In Operations Manager 2007, agents use the agent action account as the default set of credentials for running rules, tasks, monitors, and discoveries on the computer on which the agents are installed. In some cases, this account may not have the necessary rights to successfully complete the operation. In this case, the rules, tasks, monitors, and discoveries can be written by the management pack author to use a Run As profile at run time. The Run As profile provides the necessary information to the System Center Management service so that it can successfully run the rule, task, monitor, or discovery.

Run As profiles are defined in management packs by the management pack author. In some cases, the Run As profile is imported into Operations Manager when the management pack that contains it is imported. In other cases, you may need to create it manually. In all cases, Run As profiles must be configured manually. The procedure How to Create and Configure a Run As Profile in Operations Manager 2007 tells you how to manually create and configure a custom Run As profile.

Understanding Distribution and Targeting

Run As account distribution and Run As account targeting are two different things, both of which must be correctly configured for the Run As profile to work properly.

When you configure a Run As profile, you select the Run As accounts you want to associate with the Run As profile. When you create that association you can then specify which class, group, or object the Run As account is to be used for running tasks, rules, monitors, and discoveries against.
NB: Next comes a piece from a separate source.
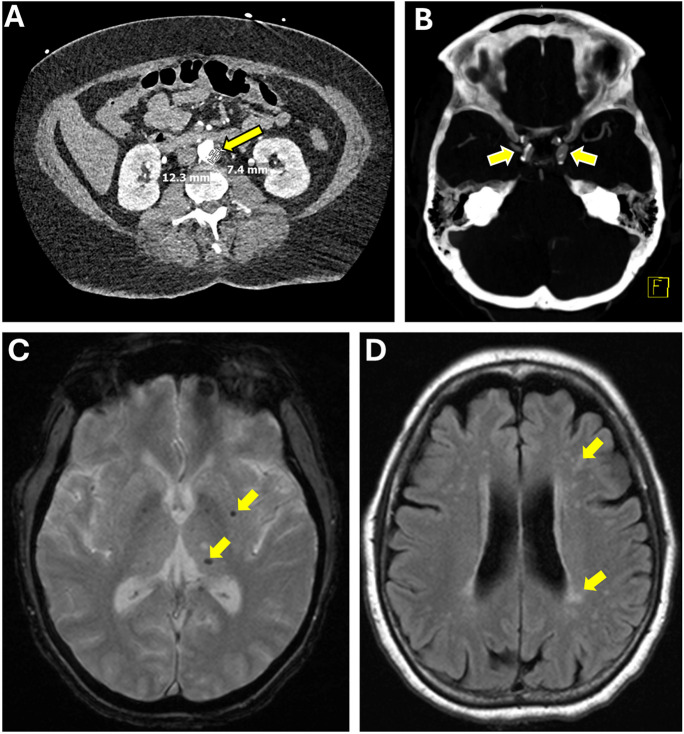 Fig. 4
Distribution is an attribute of a Run As account and in it you can specify which computers will receive the Run As account credentials. You can choose to distribute the Run As account credentials to every agent-managed computer or only to selected computers.

Example of Run As account targeting: Physical computer ABC hosts two instances of Microsoft SQL Server, instance X and instance Y. Each instance uses a different set of credentials for the sa account. You create a Run As account with the sa credentials for instance X, and a different Run As account with the sa credentials for instance Y. When you configure the SQL Server Run As profile, you associate both Run As account credentials for instance X and Y with the profile and specify that the Run As account instance X credentials are to be used for SQL Server instance X and that the Run As account Y credentials are to be used for SQL Server instance Y. Then, you must also configure each set of Run As account credentials to be distributed to physical computer ABC.

Example of Run As account distribution: SQL Server1 and SQL Server2 are two different physical computers. SQL Server1 uses the UserName1 and Password1 set of credentials for the SQL sa account. SQL Server2 uses the UserName2 and Password2 set of credentials for the SQL sa account. The SQL management pack has a single SQL Run As profile that is used for all SQL Servers. You can then define one Run As account for UserName1 set of credentials and another Run As account for the UserName2 set of credentials. Both of these Run As accounts can be associated with the one SQL Server Run As profile and can be configured to be distributed to the appropriate computers. That is, UserName1 is distributed to SQL Server1 and UserName2 is distributed to SQL Server2. Account information sent between the management server and the designated computer is encrypted.

Run As Account Security

Operations Manager 2007 distributes the Run As account credentials to either all agent-managed computers (the less secure option) or only to computers that you specify (the more secure option). If Operations Manager automatically distributed the Runs As account according to discovery a security risk would be introduced into your environment as illustrated in the following example. This is why an automatic distribution option was not included in Operations Manager.

For example, Operations Manager 2007 identifies a computer as hosting SQL Server 2005 based on the presence of a registry key. It is possible to create that same registry key on a computer that is not actually running an instance of SQL Server 2005. If Operations Manager were to automatically distribute the credentials to all agent managed computers that have been identified as SQL Server 2005 computers, then the credentials would be sent to the imposter SQL Server and they would be available to someone with administrator rights on that server.

When you create a Run As account, you are prompted to choose whether the Run As account should be treated in a Less secure or More secure fashion. More secure means that when you associate the Run As account with a Run As Profile, you have to provide the specific computer names that you want the Run As credentials distributed to. By positively identifying the destination computers, you can prevent the spoofing scenario that was described before. If you choose the less secure option, you will not have to provide any specific computers and the credentials will be distributed to all agent-managed computers.

Note
The credentials you select for the Run As account must have logon-locally rights otherwise the module will fail.